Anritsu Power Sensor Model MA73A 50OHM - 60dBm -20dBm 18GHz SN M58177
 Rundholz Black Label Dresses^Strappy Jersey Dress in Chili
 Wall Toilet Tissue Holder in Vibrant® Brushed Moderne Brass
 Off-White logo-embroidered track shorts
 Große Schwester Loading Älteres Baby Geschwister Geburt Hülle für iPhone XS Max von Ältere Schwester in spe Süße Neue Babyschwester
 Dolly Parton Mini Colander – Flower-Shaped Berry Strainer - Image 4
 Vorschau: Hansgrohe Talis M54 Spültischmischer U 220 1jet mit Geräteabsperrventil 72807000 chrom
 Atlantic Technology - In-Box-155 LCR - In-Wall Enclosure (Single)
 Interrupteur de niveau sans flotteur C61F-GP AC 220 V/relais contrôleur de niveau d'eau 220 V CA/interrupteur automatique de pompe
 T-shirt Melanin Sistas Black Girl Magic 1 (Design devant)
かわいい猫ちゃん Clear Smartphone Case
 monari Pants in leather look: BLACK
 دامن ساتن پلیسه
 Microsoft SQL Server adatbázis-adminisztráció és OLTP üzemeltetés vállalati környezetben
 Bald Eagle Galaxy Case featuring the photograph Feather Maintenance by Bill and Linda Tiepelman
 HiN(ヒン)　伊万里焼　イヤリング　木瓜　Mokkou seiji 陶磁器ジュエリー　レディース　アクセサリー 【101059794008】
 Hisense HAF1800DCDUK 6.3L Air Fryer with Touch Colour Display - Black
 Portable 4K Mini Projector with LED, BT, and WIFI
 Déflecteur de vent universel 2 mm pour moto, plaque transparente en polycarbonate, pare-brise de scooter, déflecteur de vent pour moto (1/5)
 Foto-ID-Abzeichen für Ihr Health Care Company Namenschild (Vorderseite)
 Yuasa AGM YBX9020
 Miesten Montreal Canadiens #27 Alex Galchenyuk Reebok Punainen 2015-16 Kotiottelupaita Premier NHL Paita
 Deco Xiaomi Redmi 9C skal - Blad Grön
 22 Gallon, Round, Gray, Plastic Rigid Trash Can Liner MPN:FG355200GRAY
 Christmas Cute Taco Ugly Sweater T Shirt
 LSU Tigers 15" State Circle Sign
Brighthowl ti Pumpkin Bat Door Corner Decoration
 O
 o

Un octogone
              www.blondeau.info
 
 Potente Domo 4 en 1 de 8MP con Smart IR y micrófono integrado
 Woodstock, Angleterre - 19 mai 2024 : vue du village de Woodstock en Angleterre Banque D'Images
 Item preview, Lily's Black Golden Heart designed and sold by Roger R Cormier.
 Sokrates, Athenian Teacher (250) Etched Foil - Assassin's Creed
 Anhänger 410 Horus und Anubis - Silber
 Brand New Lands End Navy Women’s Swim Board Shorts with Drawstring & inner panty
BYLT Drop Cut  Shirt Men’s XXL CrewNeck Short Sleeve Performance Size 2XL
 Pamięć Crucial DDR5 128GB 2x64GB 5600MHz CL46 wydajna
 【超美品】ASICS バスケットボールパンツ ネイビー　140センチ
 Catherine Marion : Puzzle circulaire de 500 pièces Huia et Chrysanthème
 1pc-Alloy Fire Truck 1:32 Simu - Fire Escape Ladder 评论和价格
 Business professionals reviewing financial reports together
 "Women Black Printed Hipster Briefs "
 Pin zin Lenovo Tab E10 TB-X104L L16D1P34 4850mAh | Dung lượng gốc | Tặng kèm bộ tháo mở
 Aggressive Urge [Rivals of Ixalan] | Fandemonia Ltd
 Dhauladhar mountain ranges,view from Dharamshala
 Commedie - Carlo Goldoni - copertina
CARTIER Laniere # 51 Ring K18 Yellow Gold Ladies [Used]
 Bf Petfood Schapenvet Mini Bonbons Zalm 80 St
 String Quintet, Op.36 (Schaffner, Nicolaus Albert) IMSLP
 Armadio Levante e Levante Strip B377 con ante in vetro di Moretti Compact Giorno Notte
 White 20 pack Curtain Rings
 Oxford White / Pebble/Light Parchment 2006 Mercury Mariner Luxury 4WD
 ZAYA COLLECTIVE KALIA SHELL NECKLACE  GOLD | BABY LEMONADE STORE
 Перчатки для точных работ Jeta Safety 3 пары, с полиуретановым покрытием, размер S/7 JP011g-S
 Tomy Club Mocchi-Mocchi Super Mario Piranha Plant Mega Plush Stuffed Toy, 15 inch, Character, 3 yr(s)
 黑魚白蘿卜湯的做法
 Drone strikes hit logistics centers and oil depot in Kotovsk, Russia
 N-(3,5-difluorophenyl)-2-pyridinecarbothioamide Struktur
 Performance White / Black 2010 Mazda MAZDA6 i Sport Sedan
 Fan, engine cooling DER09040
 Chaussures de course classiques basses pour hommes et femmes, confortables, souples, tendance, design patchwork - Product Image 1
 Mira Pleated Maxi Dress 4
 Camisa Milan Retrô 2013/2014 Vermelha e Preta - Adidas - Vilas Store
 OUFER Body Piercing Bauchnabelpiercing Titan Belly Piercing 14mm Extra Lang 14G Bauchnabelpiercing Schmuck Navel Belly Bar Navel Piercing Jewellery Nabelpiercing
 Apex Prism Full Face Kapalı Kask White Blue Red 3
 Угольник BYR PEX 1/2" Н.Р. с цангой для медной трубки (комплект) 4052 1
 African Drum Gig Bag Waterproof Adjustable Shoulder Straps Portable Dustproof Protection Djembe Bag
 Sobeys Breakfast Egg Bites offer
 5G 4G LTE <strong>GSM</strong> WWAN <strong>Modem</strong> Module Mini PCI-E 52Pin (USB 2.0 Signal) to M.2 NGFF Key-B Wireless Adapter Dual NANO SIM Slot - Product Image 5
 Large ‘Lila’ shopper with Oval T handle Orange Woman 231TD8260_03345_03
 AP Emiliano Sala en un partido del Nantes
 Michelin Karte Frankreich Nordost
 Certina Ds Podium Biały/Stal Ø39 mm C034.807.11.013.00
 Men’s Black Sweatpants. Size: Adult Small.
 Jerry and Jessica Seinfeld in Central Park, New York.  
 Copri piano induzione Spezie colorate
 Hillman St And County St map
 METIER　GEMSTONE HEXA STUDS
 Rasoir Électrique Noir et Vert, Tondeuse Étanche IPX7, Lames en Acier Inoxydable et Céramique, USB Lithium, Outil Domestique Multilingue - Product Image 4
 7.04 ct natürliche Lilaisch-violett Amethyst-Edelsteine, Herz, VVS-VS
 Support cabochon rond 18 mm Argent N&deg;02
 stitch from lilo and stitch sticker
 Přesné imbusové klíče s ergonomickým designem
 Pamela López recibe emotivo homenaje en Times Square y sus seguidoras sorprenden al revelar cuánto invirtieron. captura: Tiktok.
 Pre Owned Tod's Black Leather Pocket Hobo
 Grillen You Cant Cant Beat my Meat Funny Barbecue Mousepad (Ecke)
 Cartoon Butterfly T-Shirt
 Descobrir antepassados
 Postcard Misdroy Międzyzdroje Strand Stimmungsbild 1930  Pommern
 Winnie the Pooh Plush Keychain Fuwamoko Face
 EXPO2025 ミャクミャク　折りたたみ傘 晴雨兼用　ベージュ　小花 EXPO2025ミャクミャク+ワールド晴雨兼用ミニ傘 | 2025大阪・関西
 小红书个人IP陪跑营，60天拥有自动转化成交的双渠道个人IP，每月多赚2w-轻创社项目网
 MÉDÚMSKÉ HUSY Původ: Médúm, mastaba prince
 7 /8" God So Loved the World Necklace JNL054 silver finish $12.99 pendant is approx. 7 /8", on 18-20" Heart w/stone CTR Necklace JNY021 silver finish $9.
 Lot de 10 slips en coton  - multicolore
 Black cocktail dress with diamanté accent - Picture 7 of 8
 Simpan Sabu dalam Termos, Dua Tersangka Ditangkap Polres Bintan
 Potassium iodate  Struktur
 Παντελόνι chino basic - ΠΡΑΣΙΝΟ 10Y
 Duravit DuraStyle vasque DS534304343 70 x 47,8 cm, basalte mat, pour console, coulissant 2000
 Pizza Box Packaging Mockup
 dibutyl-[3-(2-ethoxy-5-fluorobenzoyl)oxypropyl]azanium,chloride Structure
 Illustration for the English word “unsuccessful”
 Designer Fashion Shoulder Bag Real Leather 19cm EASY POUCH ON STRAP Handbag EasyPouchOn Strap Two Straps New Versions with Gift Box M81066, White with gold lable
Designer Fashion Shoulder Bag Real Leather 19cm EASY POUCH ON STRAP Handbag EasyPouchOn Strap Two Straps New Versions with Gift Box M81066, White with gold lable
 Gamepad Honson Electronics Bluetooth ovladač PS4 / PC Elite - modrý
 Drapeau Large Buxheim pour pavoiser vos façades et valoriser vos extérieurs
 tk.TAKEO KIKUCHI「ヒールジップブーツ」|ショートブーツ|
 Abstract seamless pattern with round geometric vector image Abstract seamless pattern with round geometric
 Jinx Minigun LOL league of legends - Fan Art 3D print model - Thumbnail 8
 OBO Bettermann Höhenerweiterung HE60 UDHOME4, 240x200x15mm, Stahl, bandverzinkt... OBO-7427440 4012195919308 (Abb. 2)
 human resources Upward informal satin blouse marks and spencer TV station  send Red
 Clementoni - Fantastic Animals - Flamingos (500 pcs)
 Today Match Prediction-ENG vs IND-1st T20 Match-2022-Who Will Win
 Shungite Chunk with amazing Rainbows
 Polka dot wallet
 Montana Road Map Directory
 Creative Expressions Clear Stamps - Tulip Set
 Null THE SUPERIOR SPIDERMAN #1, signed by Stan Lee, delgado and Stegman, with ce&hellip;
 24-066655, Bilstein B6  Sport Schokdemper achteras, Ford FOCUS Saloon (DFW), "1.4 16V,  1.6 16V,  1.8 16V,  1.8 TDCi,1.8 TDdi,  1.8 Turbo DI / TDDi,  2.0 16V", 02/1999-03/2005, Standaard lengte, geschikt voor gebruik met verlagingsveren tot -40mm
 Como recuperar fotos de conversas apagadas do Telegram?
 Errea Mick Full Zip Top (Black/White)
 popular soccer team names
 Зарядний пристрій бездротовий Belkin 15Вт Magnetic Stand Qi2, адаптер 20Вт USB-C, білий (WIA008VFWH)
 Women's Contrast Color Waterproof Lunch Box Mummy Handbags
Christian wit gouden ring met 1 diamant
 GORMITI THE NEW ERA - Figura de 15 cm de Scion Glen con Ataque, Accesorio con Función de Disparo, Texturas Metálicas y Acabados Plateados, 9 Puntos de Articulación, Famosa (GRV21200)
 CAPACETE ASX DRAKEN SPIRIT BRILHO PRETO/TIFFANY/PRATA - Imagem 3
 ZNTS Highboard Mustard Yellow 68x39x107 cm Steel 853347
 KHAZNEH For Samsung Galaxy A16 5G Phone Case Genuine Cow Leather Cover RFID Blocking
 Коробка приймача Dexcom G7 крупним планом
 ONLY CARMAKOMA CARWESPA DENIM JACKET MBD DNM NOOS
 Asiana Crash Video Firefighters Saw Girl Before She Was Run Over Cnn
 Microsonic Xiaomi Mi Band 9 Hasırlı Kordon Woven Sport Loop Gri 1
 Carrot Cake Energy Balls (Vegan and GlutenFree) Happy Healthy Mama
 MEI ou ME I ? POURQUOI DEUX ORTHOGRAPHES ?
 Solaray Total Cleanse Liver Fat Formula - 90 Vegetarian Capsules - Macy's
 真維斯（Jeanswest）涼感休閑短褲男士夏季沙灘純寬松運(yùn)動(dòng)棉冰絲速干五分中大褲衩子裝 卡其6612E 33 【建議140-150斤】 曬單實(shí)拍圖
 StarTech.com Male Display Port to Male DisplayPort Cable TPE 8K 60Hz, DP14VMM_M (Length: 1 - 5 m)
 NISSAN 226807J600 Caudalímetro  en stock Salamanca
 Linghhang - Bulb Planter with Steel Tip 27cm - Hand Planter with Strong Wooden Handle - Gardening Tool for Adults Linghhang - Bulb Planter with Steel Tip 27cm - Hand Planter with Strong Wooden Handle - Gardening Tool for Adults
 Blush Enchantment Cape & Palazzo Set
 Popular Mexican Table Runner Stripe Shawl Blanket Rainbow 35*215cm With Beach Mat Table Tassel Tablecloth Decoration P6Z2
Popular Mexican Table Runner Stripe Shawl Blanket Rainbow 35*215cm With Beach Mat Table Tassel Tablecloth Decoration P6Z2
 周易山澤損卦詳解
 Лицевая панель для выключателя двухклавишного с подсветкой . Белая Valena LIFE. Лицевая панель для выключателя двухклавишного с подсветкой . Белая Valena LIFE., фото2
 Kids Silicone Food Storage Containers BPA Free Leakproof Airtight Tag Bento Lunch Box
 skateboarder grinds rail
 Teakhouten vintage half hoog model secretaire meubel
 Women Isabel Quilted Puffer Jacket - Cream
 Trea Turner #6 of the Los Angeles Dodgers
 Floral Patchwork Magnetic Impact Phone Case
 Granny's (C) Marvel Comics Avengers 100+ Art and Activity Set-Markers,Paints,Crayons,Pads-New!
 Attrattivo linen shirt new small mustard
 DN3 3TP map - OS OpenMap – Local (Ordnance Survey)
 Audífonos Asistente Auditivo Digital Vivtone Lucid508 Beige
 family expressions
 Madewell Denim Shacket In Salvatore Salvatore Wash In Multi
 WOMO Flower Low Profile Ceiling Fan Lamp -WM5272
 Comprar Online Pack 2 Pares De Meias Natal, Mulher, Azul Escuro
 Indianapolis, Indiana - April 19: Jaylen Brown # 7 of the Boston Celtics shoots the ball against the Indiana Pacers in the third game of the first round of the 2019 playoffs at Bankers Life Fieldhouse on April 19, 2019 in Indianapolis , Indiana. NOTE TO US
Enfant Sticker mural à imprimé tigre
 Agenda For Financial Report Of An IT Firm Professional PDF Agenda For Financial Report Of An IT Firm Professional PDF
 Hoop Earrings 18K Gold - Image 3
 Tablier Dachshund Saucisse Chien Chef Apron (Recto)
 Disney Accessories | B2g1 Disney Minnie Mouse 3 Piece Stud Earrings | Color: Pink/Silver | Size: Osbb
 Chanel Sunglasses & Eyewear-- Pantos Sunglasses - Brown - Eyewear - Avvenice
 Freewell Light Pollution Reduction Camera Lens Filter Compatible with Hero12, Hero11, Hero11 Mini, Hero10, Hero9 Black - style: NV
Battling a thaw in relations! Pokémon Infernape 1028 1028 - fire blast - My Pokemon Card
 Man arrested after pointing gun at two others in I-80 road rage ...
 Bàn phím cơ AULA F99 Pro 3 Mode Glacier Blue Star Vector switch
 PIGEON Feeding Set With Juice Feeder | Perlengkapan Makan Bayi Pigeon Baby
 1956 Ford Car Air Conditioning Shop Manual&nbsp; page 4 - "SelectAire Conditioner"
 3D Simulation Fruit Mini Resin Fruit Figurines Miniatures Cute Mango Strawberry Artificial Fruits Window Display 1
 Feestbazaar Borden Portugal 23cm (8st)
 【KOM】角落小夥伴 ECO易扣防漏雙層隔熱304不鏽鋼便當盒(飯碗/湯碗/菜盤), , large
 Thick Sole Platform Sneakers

■ Task goal ■
Retype only the stretch of lines above starting at the one with "MEI ou ME I ? POURQUOI DEUX ORTHOGRAPHES ?" and stopping at the one with "Women Isabel Quilted Puffer Jacket - Cream", exactly as written, with both kept.

■ Exercise response ■
 MEI ou ME I ? POURQUOI DEUX ORTHOGRAPHES ?
 Solaray Total Cleanse Liver Fat Formula - 90 Vegetarian Capsules - Macy's
 真維斯（Jeanswest）涼感休閑短褲男士夏季沙灘純寬松運(yùn)動(dòng)棉冰絲速干五分中大褲衩子裝 卡其6612E 33 【建議140-150斤】 曬單實(shí)拍圖
 StarTech.com Male Display Port to Male DisplayPort Cable TPE 8K 60Hz, DP14VMM_M (Length: 1 - 5 m)
 NISSAN 226807J600 Caudalímetro  en stock Salamanca
 Linghhang - Bulb Planter with Steel Tip 27cm - Hand Planter with Strong Wooden Handle - Gardening Tool for Adults Linghhang - Bulb Planter with Steel Tip 27cm - Hand Planter with Strong Wooden Handle - Gardening Tool for Adults
 Blush Enchantment Cape & Palazzo Set
 Popular Mexican Table Runner Stripe Shawl Blanket Rainbow 35*215cm With Beach Mat Table Tassel Tablecloth Decoration P6Z2
Popular Mexican Table Runner Stripe Shawl Blanket Rainbow 35*215cm With Beach Mat Table Tassel Tablecloth Decoration P6Z2
 周易山澤損卦詳解
 Лицевая панель для выключателя двухклавишного с подсветкой . Белая Valena LIFE. Лицевая панель для выключателя двухклавишного с подсветкой . Белая Valena LIFE., фото2
 Kids Silicone Food Storage Containers BPA Free Leakproof Airtight Tag Bento Lunch Box
 skateboarder grinds rail
 Teakhouten vintage half hoog model secretaire meubel
 Women Isabel Quilted Puffer Jacket - Cream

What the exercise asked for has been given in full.